Nonostante il fenomeno, sia in crescente aumento nel web, in italia ancora non esiste una legge sul cyberbullismo!

Il cyberbullismo, consiste nell'inserimento su siti web, su social network, su blog, di calunnie e/o rappresaglie psicologiche di ogni genere, che riguardino la vita della vittima, e ridicolizzarla ed umiliarla agli occhi di chiunque legga tali calunnie e rappresaglie, le quali spesso vengono inviate dai "bulli" anche via mail e via sms!

In Italia non esiste una legislazione vera e propria neanche sul bullismo, che avvenga tramite episodi diretti nei confronti della vittima, consistenti in scherzi pesanti, umiliazioni pubbliche, atti di violenza fisica e che avvenga tramite episodi indiretti, consistenti nell'isolamento della vittima, nello spargere calunnie o episodi della vita della vittima che la imbarazzino pubblicamente.

Esiste però, una tutela, che punisce i bulli, da un punto di vista civile, penale e costituzionale.

Da un punto di vista costituzionale, il bullo, lederebbe principi, tra i quali:

-diritto all'insegnamento-

-diritto all'accesso alle istituzioni scolastiche-

-diritto di uguaglianza formale e sostanziale-

Da un punto di vista penale, il bullo va incontro alle seguenti violazioni:

-percosse-

-minacce-

-ingiurie-

-atti persecutori-

-danneggiamenti alle cose-

Di tali violazioni, sono responsabili anche i genitori del bullo ed i suoi insegnanti, in quanto i genitori sono responsabili dell'educazione e del comportamento dei loro figli e gli insegnanti, responsabili dell'educazione e della sorveglianza scolastiche.

Per ottenere tutela penale da questi atti di bullismo, bisogna ricorrere alle Autorità e denunciare i fatti.

Se verrà ritenuto necessario, verrà avviato un processo penale, che potrebbe concludersi con la reclusione del colpevole o al pagamento da parte di questo di una pena pecuniaria.

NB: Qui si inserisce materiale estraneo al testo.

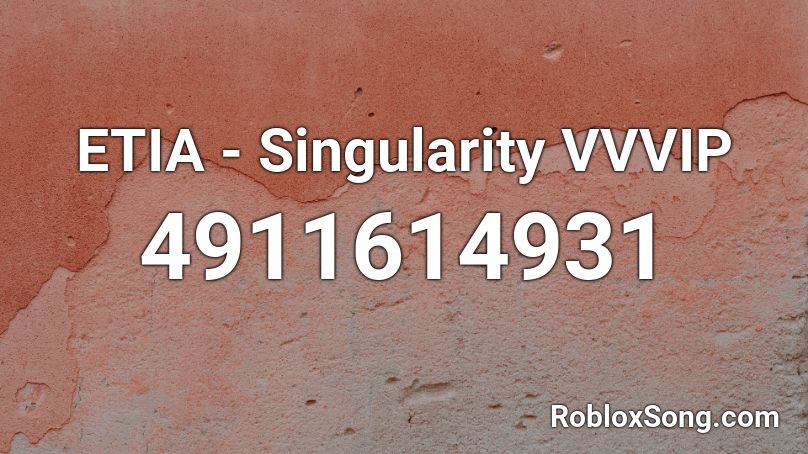 ETIA - Singularity VVVIP Roblox ID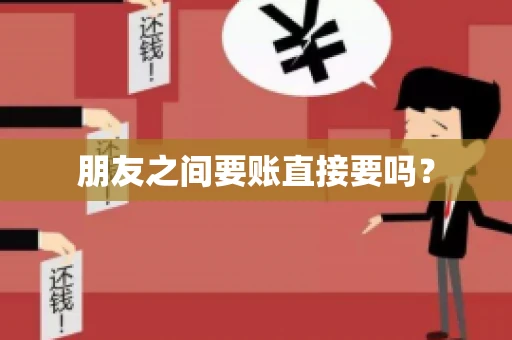 朋友之间要账直接要吗？
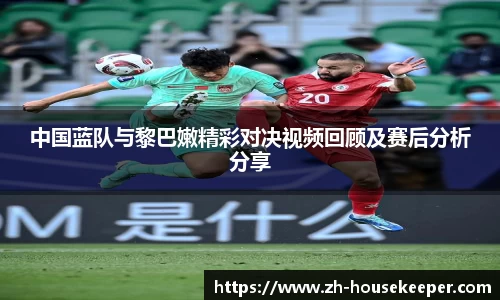 中国蓝队与黎巴嫩精彩对决视频回顾及赛后分析分享
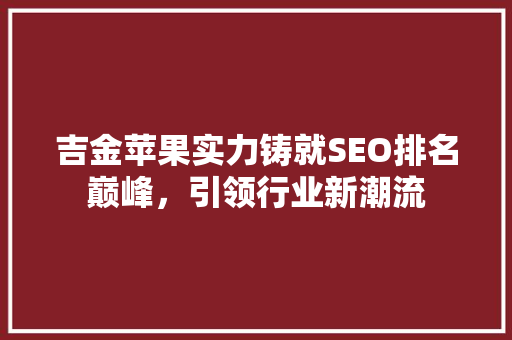 吉金苹果实力铸就SEO排名巅峰，引领行业新潮流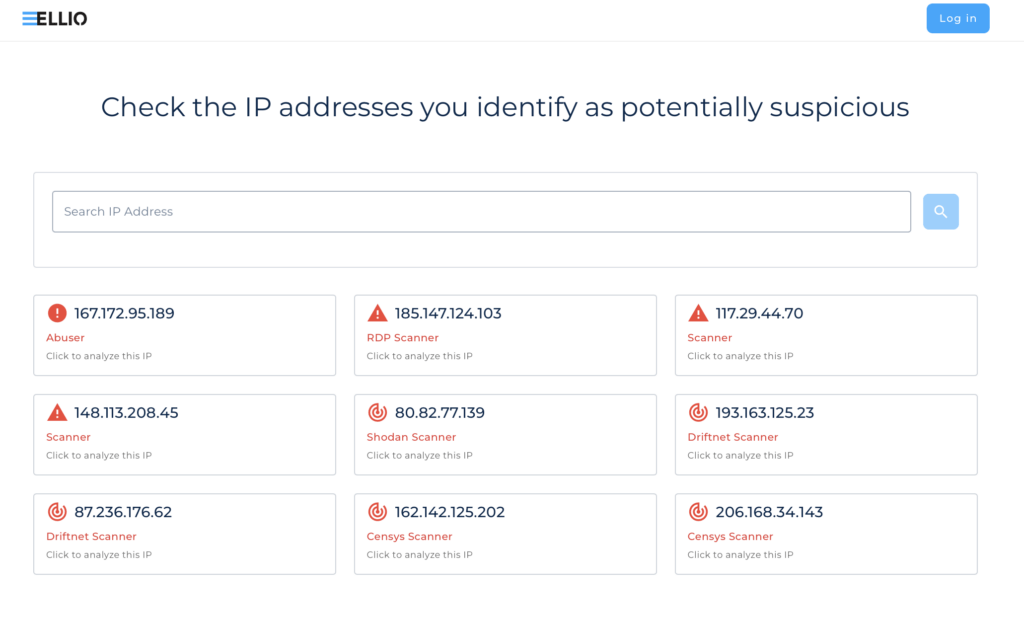 With ELLIO IP Lookup, you can quickly and reliably check suspicious IP addresses, gain real-time insights, and analyze historical behavior from the past 90 days. Beyond basic IP details and geolocation, ELLIO IP Lookup provides a timeline of connection and port activity, HTTP patterns, and unique fingerprints—helping you stay ahead of potential threats.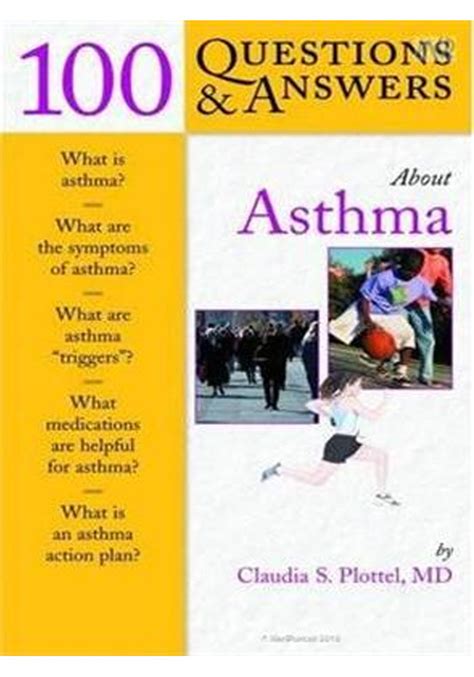 100 Questions and Answers About Asthma (100 Questions &a Reader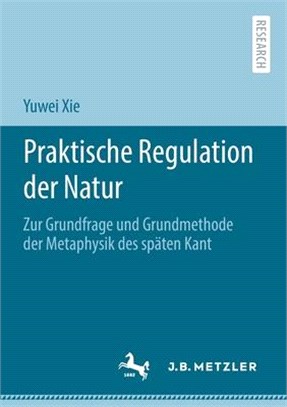 Praktische Regulation Der Natur: Zur Grundfrage Und Grundmethode Der Metaphysik Des Späten Kant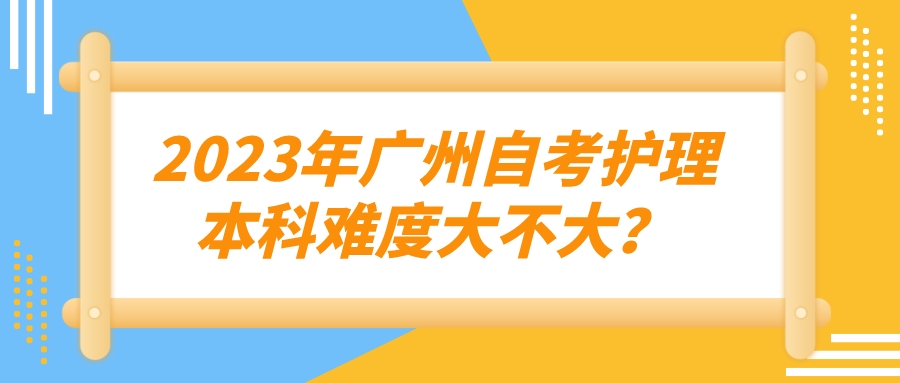 2023年广州自考护理本科难度大不大？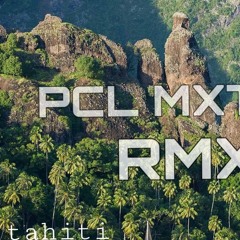 TAHITI A LA MAISON-(RMX PCL MXTION)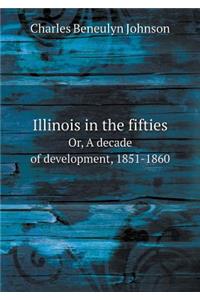 Illinois in the fifties Or, A decade of development, 1851-1860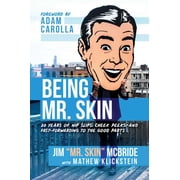 Being Mr. Skin 20 Years of Nip Slips, Cheek Peeks, and Fast-Forwarding to the Good Parts Hardcover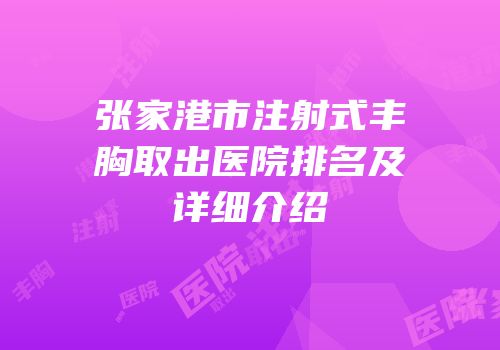 张家港市注射式丰胸取出医院排名及详细介绍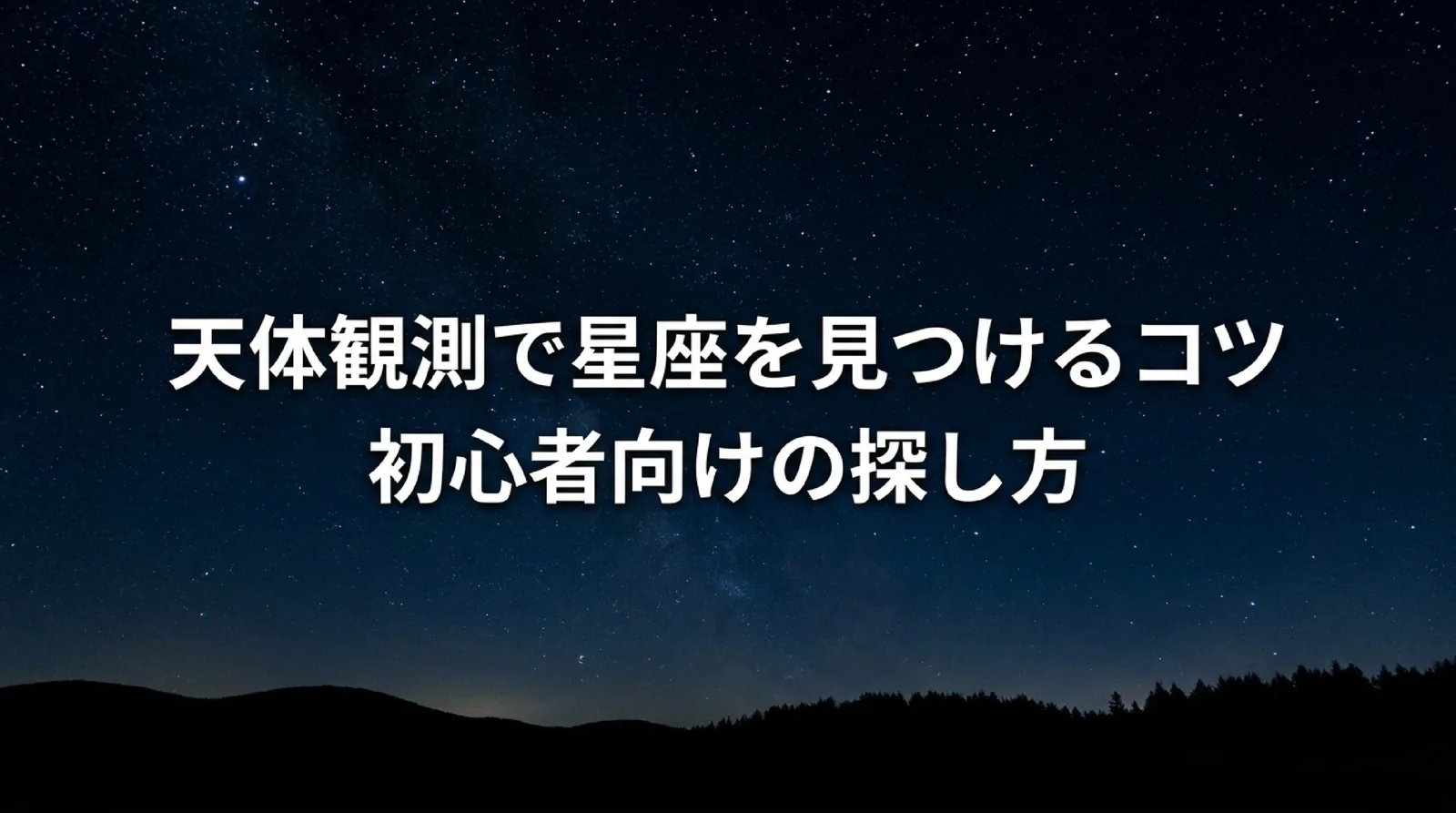 星座の見つけ方｜初心者は方角と明るい星から探す・季節の目印と確かめ方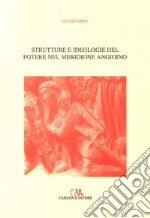 Strutture e ideologie del potere nel meridione angioino libro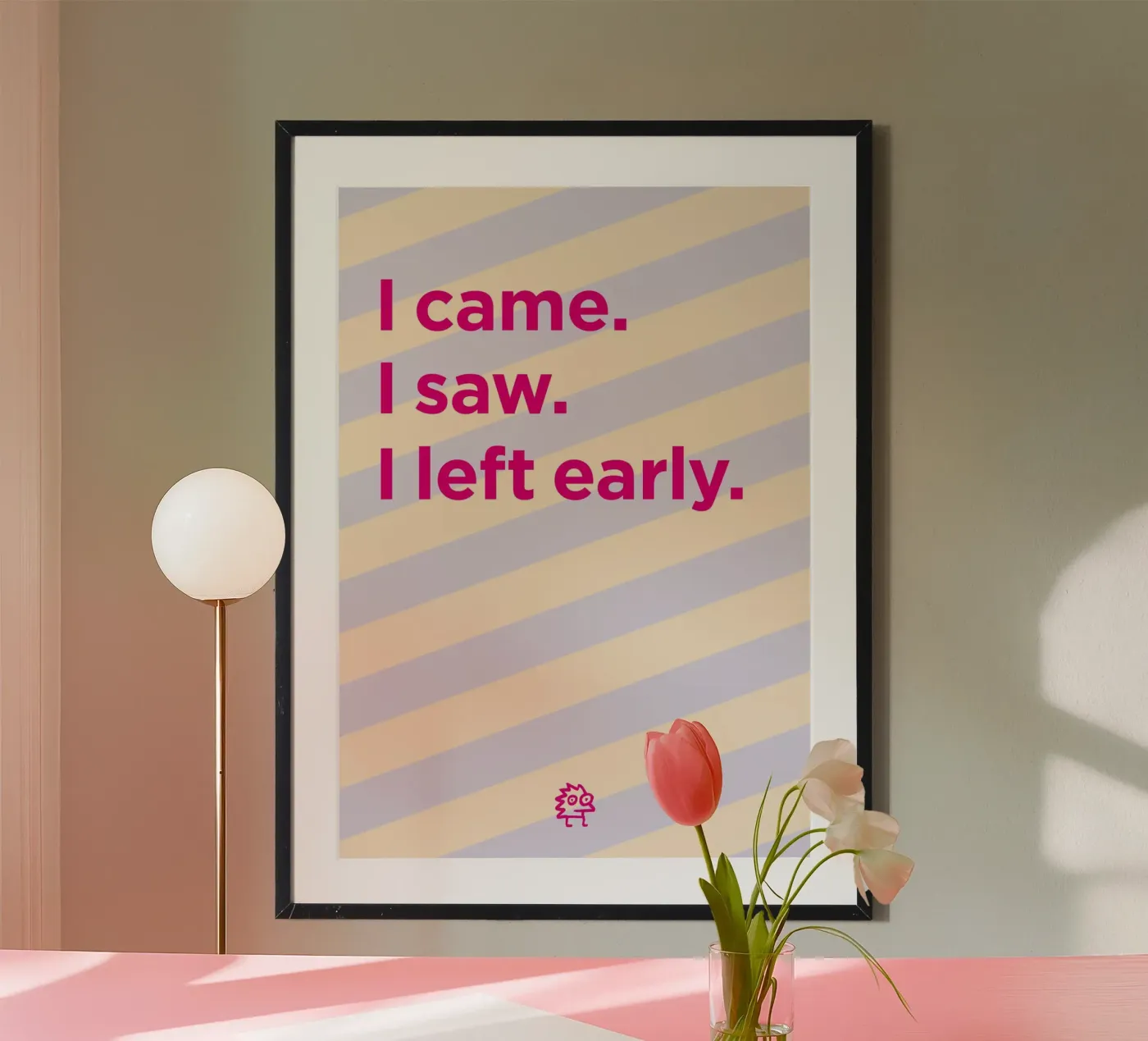 Left early Poster von Art Fart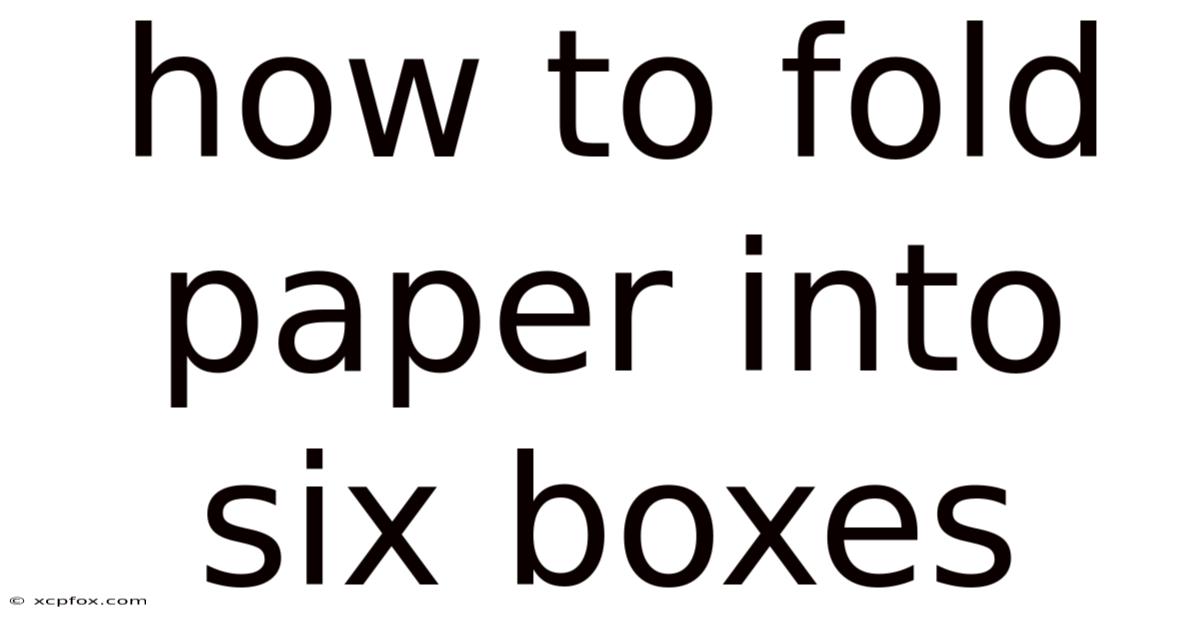 How To Fold Paper Into Six Boxes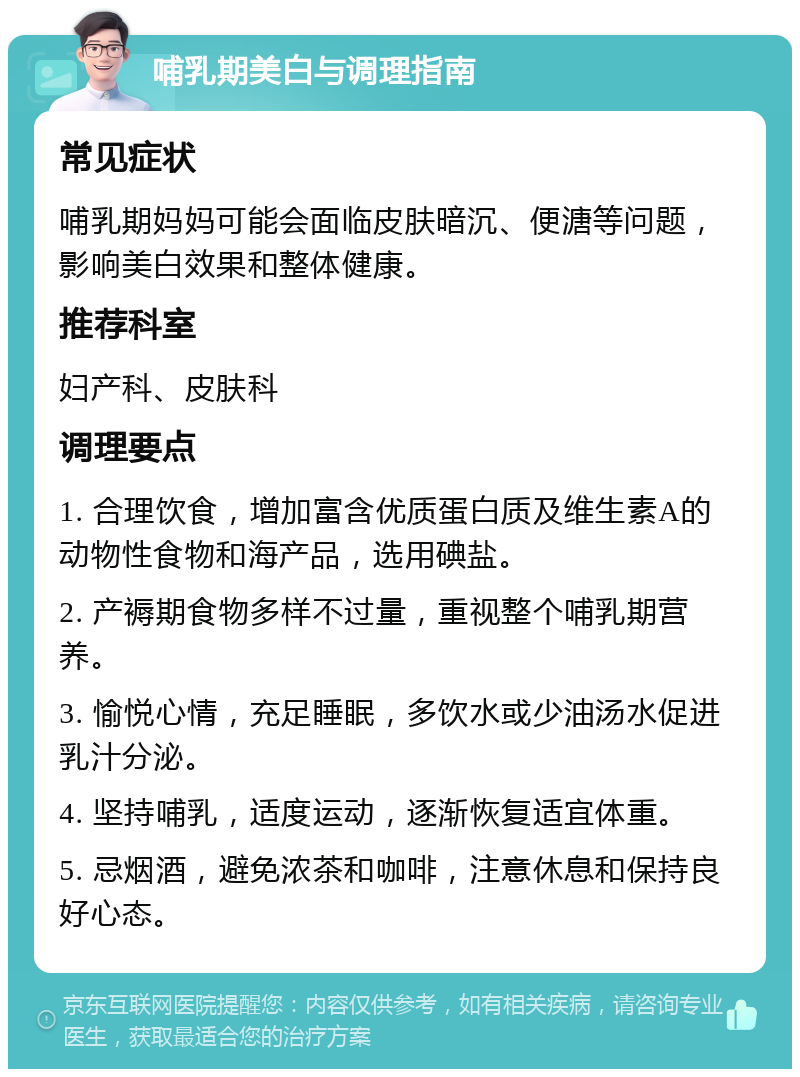 哺乳期美白与调理指南 常见症状 哺乳期妈妈可能会面临皮肤暗沉、便溏等问题，影响美白效果和整体健康。 推荐科室 妇产科、皮肤科 调理要点 1. 合理饮食，增加富含优质蛋白质及维生素A的动物性食物和海产品，选用碘盐。 2. 产褥期食物多样不过量，重视整个哺乳期营养。 3. 愉悦心情，充足睡眠，多饮水或少油汤水促进乳汁分泌。 4. 坚持哺乳，适度运动，逐渐恢复适宜体重。 5. 忌烟酒，避免浓茶和咖啡，注意休息和保持良好心态。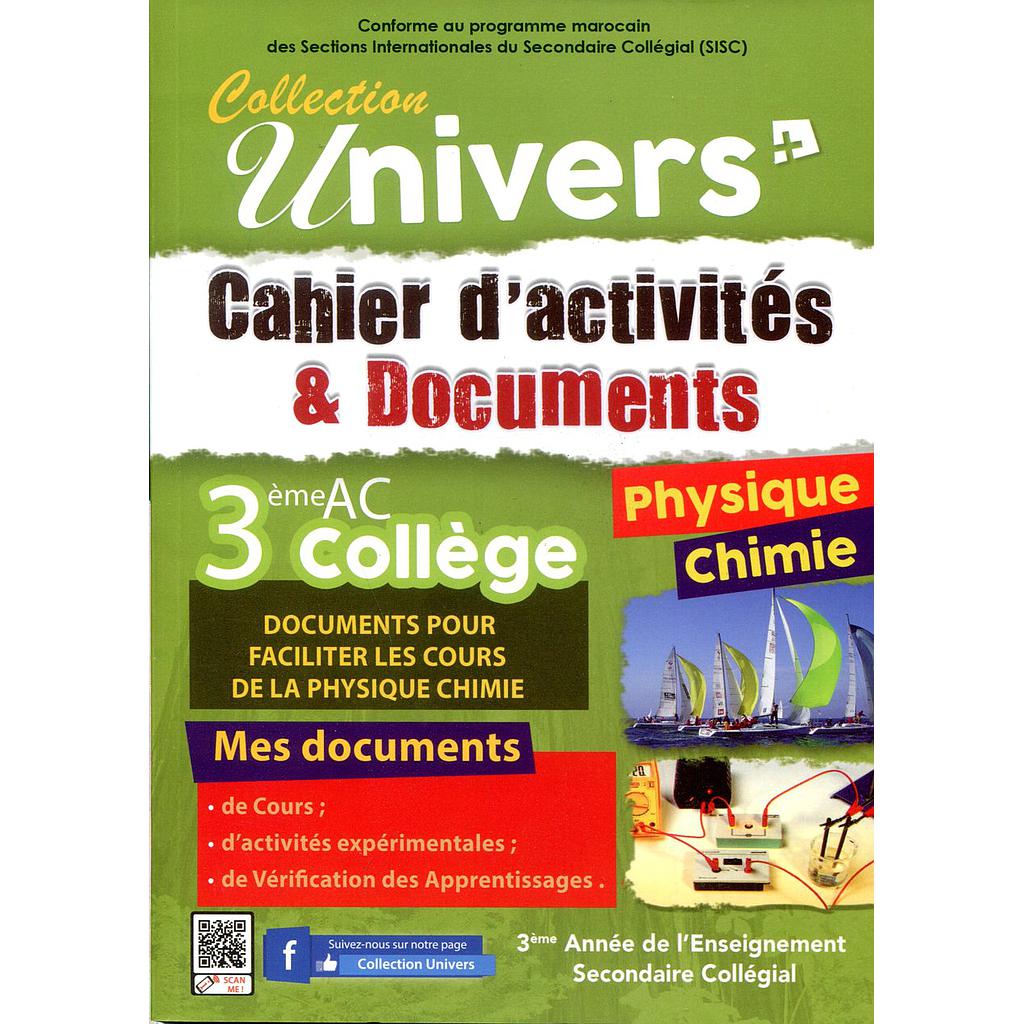 Collection Univers Documents &amp;  cahier d'activités Physique Chimie 3ème collège - 1er &amp; 2ème semestre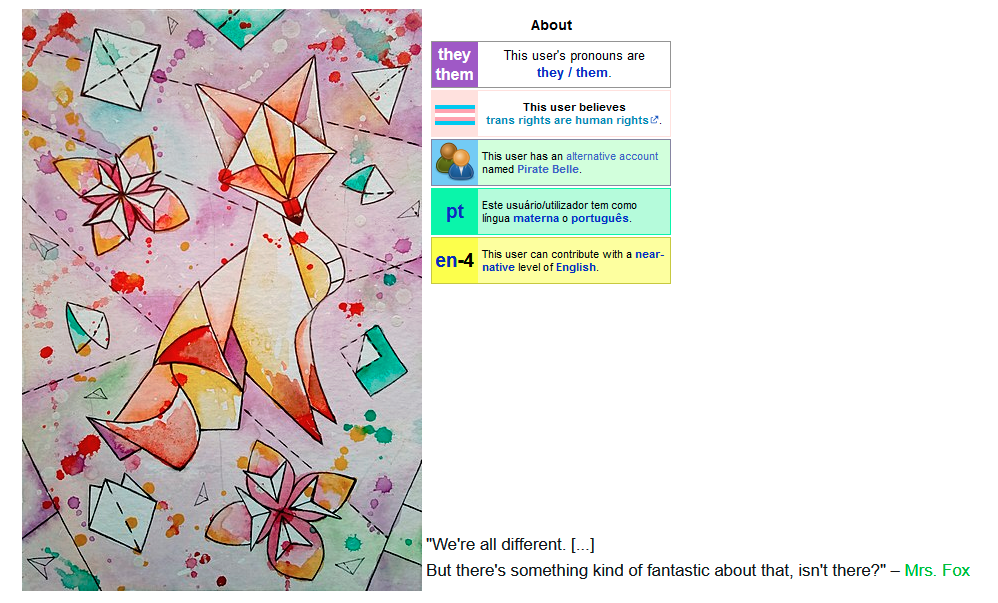 A screenshot of what Isabelle's user page looked like when the RfA started — to the left of the page, taking up half of the page, is an abstract image of a fox. To the right are a few userboxes. They read: This user's pronouns are they / them This user believes trans rights are human rights This user has an alternative account named Pirate Belle. Este usuário/utilizador tem como língua materna o português. This user can contribute with a near-native level of English. Along the bottom of the page is the quote: "We're all different. [...] But there's something kind of fantastic about that, isn't there?" – Mrs. Fox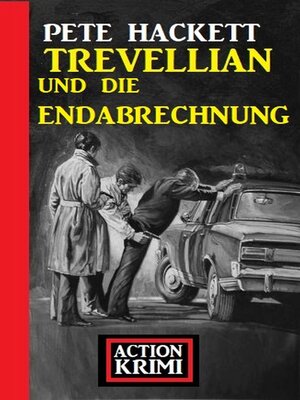 cover image of Trevellian und die Endabrechnung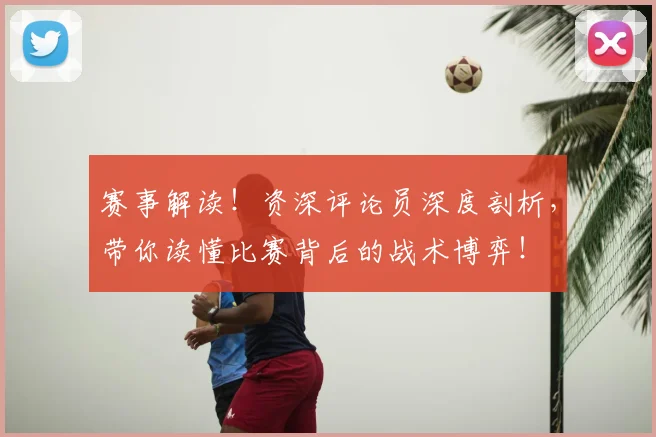 赛事解读!资深评论员深度剖析,带你读懂比赛背后的战术博弈!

Se si tratta di un soggetto minorenne e tale soggetto non ha ancora compiuto 14 anni, il tribunale potrebbe decidere il suo affidamento a supporti sociali.

Da un punto di vista civile, il bullo incorre invece in violazioni, quali:

-Danno Biologico- (Ripercussioni fisiche).

-Danno Esistenziale- (Qualità della vita).

-Danno Morale- (Danneggiamento della dignità della vittima).

Anche di tali danni, sono chiamati in causa genitori e insegnanti.

Per quanto riguarda il cyberbullismo, nel maggio 2015, si è arenato alla Camera un testo di legge, che riguarda il fenomeno.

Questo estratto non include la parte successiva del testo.